%%
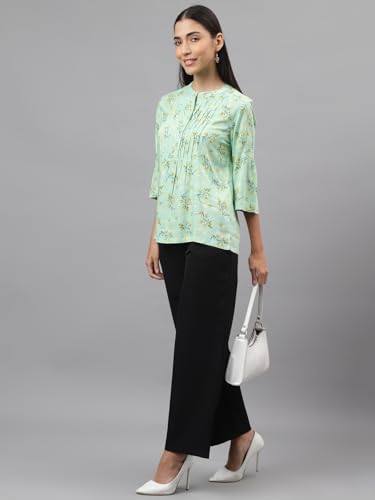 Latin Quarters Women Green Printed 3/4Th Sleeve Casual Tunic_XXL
%%
%%
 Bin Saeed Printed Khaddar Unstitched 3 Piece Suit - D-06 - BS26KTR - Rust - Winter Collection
%%
%%
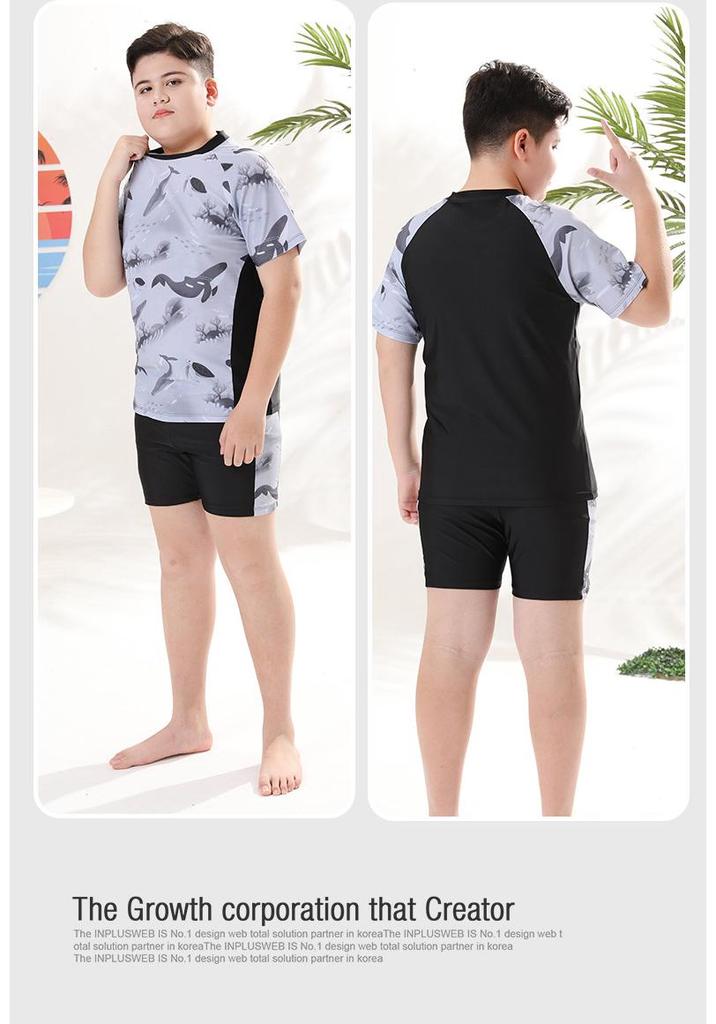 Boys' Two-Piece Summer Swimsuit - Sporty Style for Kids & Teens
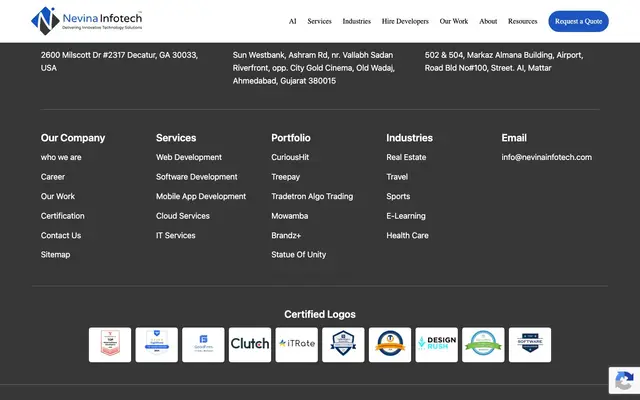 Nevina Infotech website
%%
**What is required:**
Exercise for the records above: copy only the lines from the one with "Boys' Two-Piece Summer" to the one with "Nevina Infotech website", both ends kept, and drop the pictures.

**Response to the task:**
 Boys' Two-Piece Summer Swimsuit - Sporty Style for Kids & Teens
 Nevina Infotech website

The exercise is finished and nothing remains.